▶ [Task description] Word for word, the data below must be repeated in full; no picture is to be included.

(Records drawn from a dataset)

++++++

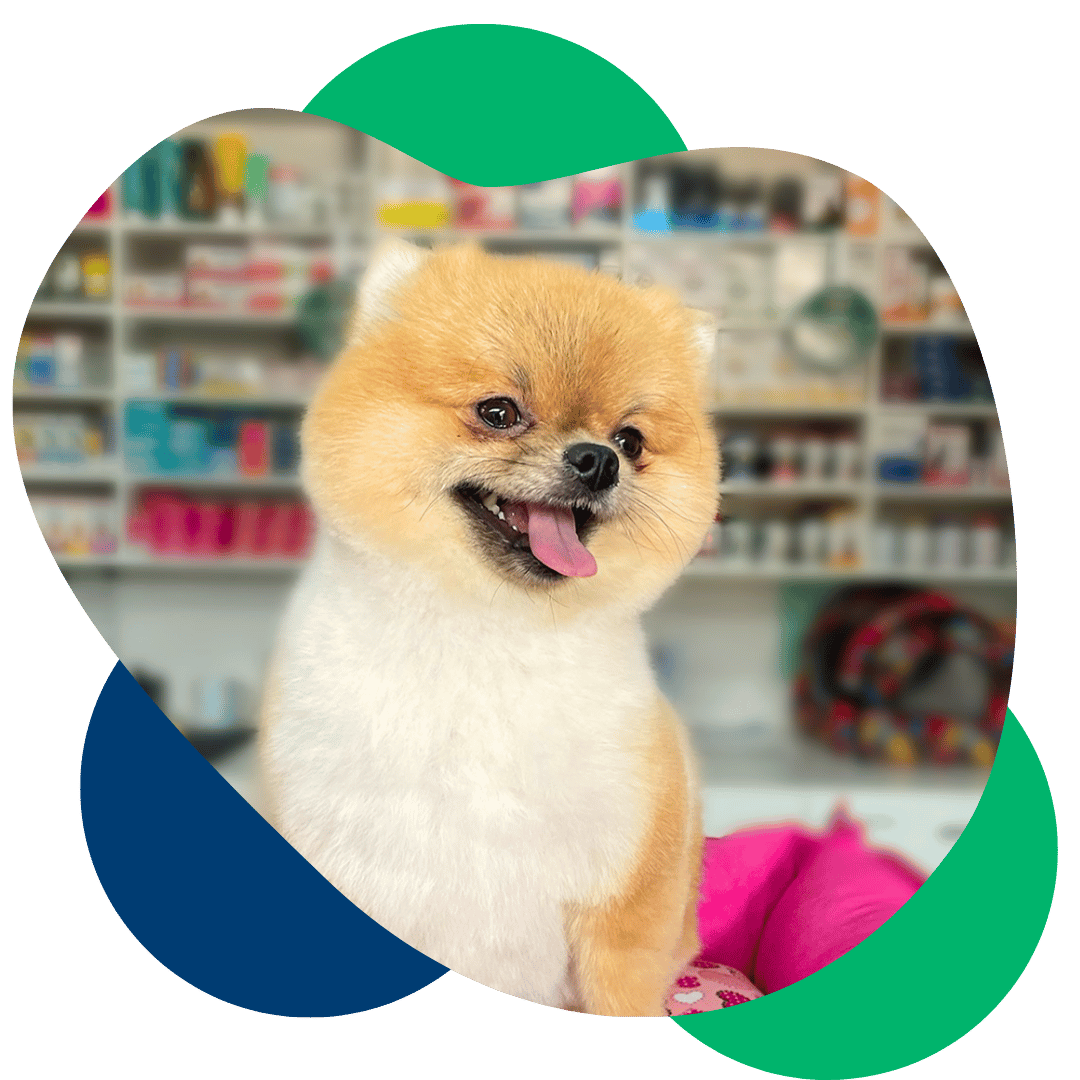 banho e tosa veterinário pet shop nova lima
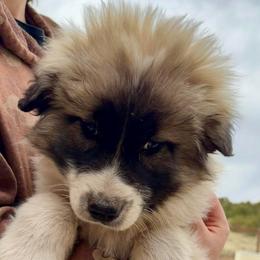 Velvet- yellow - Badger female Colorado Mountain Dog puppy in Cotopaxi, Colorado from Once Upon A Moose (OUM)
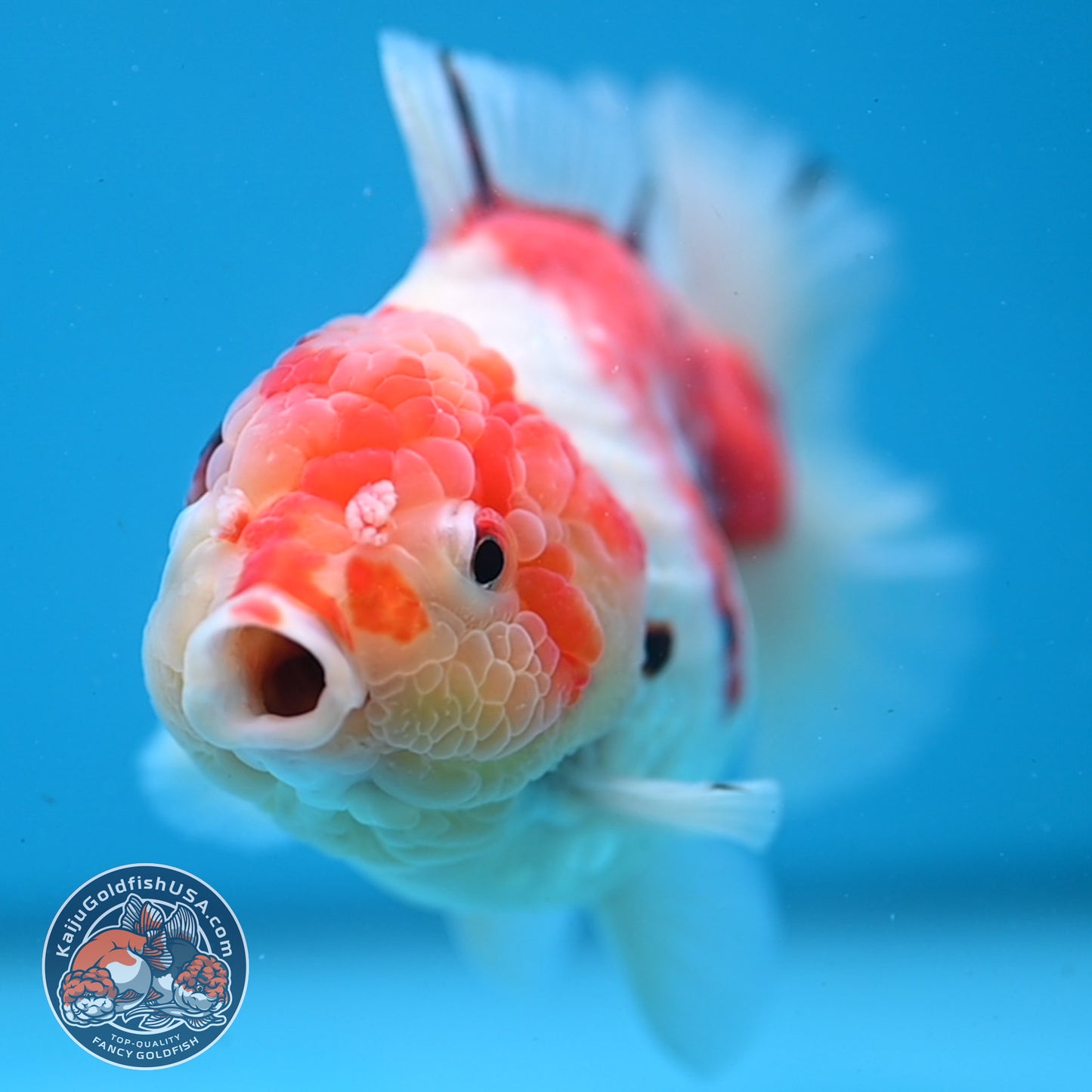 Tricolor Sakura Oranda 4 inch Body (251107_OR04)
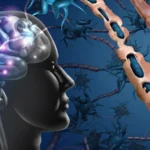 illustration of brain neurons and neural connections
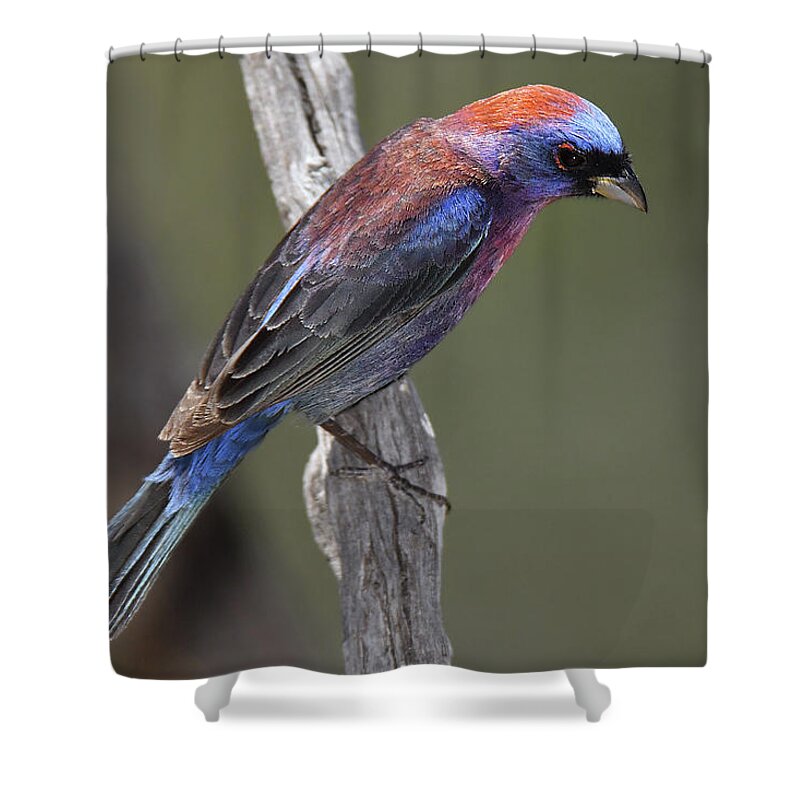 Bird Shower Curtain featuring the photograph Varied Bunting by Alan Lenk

++++++

▶ [Written answer]
 banho e tosa veterinário pet shop nova lima
 Velvet- yellow - Badger female Colorado Mountain Dog puppy in Cotopaxi, Colorado from Once Upon A Moose (OUM)
 Tricolor Sakura Oranda 4 inch Body (251107_OR04)
 illustration of brain neurons and neural connections
 Bird Shower Curtain featuring the photograph Varied Bunting by Alan Lenk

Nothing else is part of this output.